Certes, avant d'accepter un contrat d'expatriation à l'étranger, « les cadres français demandent toujours systématiquement s'il y a un lycée français pour leurs enfants », explique un responsable local d'Orange. La petite communauté expatriée d'Amman, forte de 1500 membres n'est cependant pas entièrement convaincue par l'image dorée sur tranche dont certains se gargarisent au sujet du « réseau ». Une partie des Français préfèrent même les établissements anglophones, où le « niveau d'anglais et d'arabe est meilleur ». Autre écueil, les établissements français bondés dans les petites classes sont progressivement désertés par les élites locales à l'approche de la terminale. Grâce au baccalauréat international, les lycées américains attirent plus, bien que leurs droits d'inscription soient deux à trois fois plus élevés que ceux des établissements français. Car ils offrent des perspectives d'avenir plus importantes que le seul bac franco-français. « Certains parents considèrent que quelques années suffisent pour apprendre le français. À l'approche de l'enseignement supérieur, ils intègrent le système jordanien ou américain », confirme une enseignante du lycée d'Amman. Le lycée américain de New-York sélectionne par l'argent et préfère les enfants de stars, censés favoriser des levées de fonds, critique une mère, tandis qu'une autre s'agace de la mainmise pédagogique des familles danoises sur celui de Copenhague. L'impossibilité d'accéder aux établissements français londoniens ou bruxellois, faute de place, revient dans toutes les bouches.

Critiques sur les financements

Mi-septembre, la Cour des comptes, tout en reconnaissant la « très grande qualité du réseau » a recommandé dans un référé au ministère des affaires étrangères de « mieux formaliser la stratégie d'ensemble ». Elle fait remarquer que le départ dans des universités anglo-saxonnes ou canadiennes des élèves après la terminale « limite largement la portée de l'investissement consenti par la France ». Il n'existe ainsi pas d'évaluation sur leur devenir. Cela empêche de mettre en place une action pour « garantir l'effectivité d'un réseau d'influence à long terme », regrette la Cour des comptes.
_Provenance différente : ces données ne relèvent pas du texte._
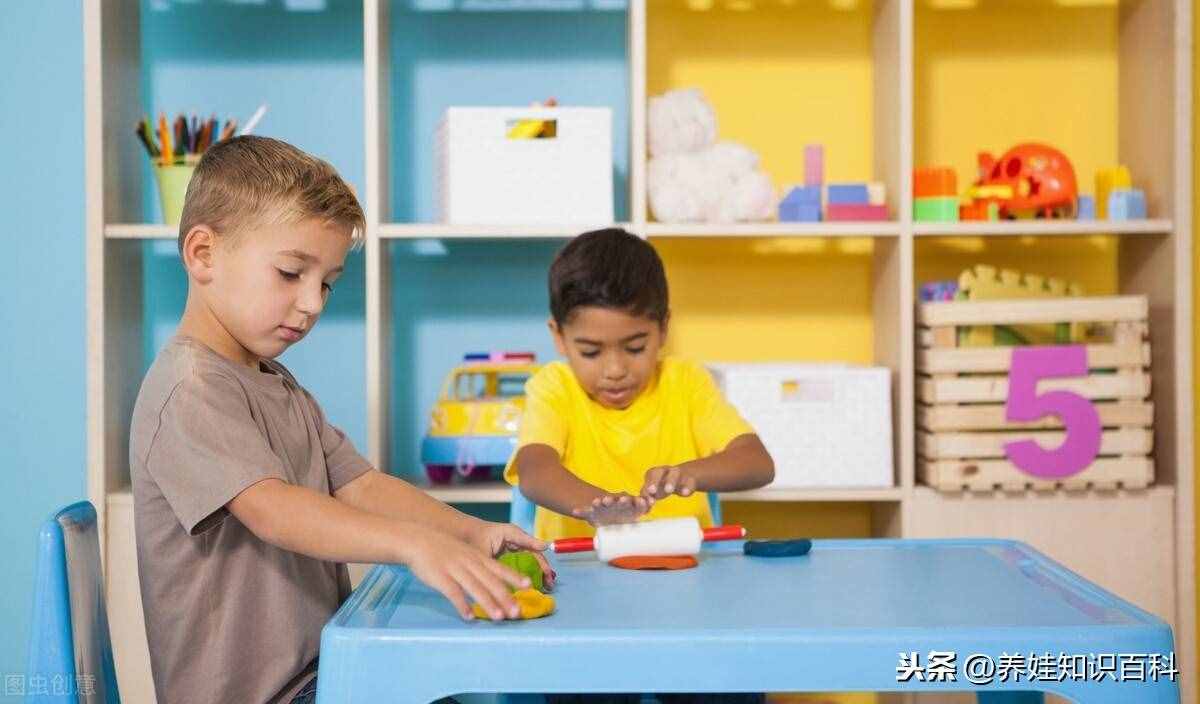 大班幼兒年齡特點表現(xiàn)在哪些方面？智力和動作兩個方面都很明顯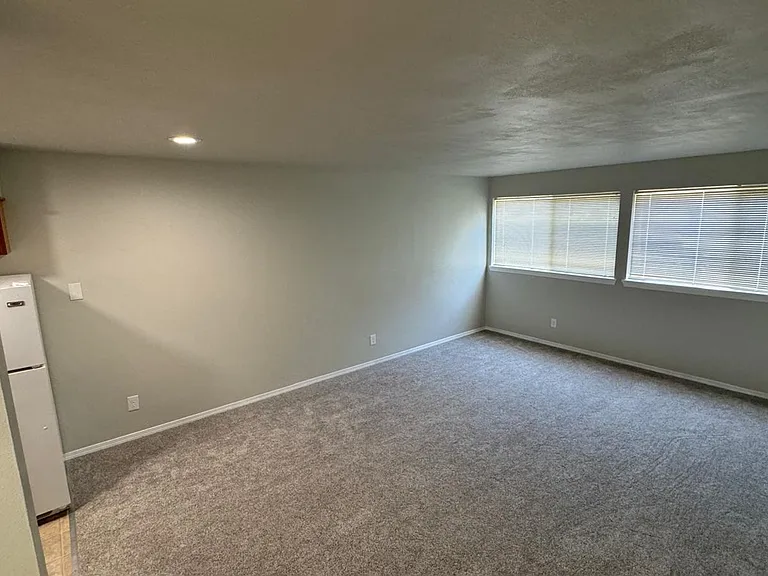 915 SW Adams Ave — Photo 16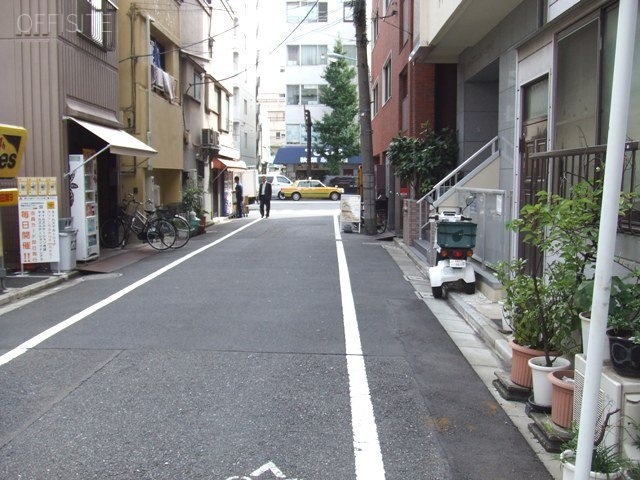佐藤ビル ビル前面道路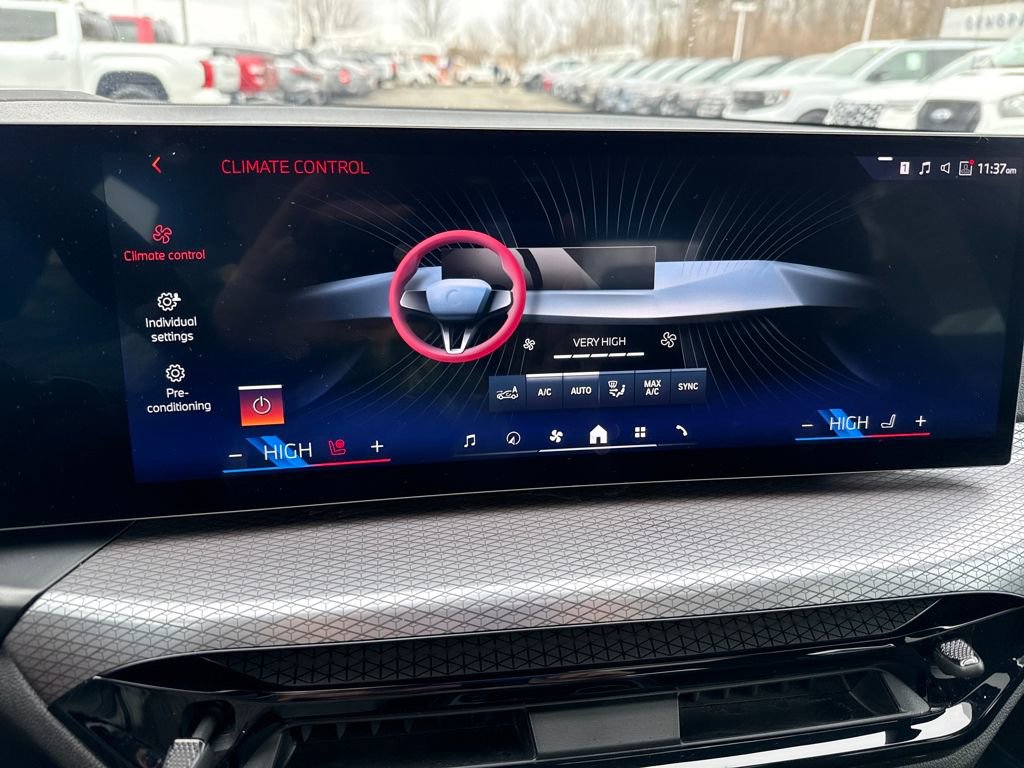 Used 2025 BMW 330i xDrive Sedan w/ Premium Package image 41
Les frais de scolarité devront « évoluer pour garantir le maintien à niveau, et a fortiori, le développement du réseau ». Car « les effets combinés de la hausse de la demande et des effectifs, de la politique d'investissement immobilier, et dans certains pays, de l'augmentation des niveaux de vie, de la progression des grilles salariales locales ou de l'inflation, impliquent un besoin de financement que l'État ne pourra supporter seul ». Le ministère des Affaires étrangères a fait le choix de développer son réseau en conservant ses implantations et en ouvrant de nouveaux sites dans les pays où les intérêts stratégiques et une demande solvable le justifient. Pour la Cour, cette approche est « trop marquée par l'effet cliquet de toute nouvelle ouverture ». Et d'évoquer la nécessité de redéploiements, voire de fermetures. Il s'agit d'une critique larvée concernant des lycées ouverts parfois pour des raisons diplomatiques et maintenus sous financement public, alors qu'ils perdent des élèves ou n'ont jamais réussi à remplir leurs établissements…
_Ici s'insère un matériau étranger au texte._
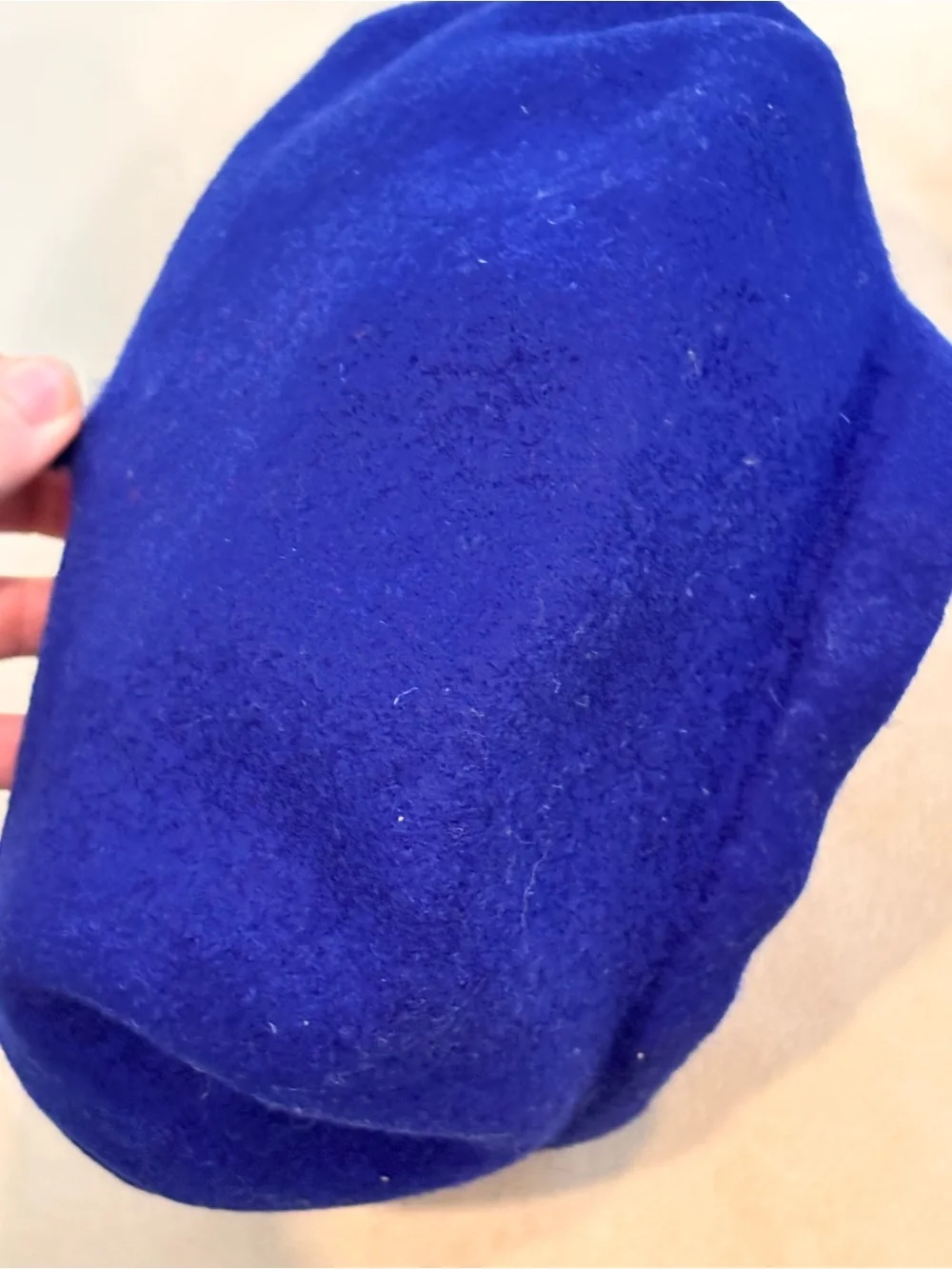 Gucci GG Royal Blue Wool Beret Size 58cm M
L'avancement automatique de l'ensemble des enseignants à l'étranger à la cadence la plus accélérée, sans fondement juridique, est également critiquée par la Cour. « Décorrélé de l'appréciation des compétences professionnelles », il constitue « une rupture d'égalité par rapport à la situation des enseignants exerçant sur le territoire français. »

Dans sa réponse, le ministre des Affaires étrangères, Laurent Fabius, indique notamment qu'il proposera un contrat pluriannuel d'objectifs pédagogiques entre le ministère de l'Éducation nationale et l'AEFE. Un réseau d'anciens va être mis en place… « Ce réseau est une chance extraordinaire pour la France », argumente Hélène Conway-Mouret selon qui des postes d'enseignants vont être redéployés, d'autant plus que le réseau est amené à se développer dans les zones où les résidents français sont de plus en plus nombreux comme en Asie. Outre Amman, de nouveaux bâtiments viennent d'être construits à Bucarest, au Caire, à Santiago. D'autres projets sont en cours à Singapour, Hanoï, Vienne et Brasilia.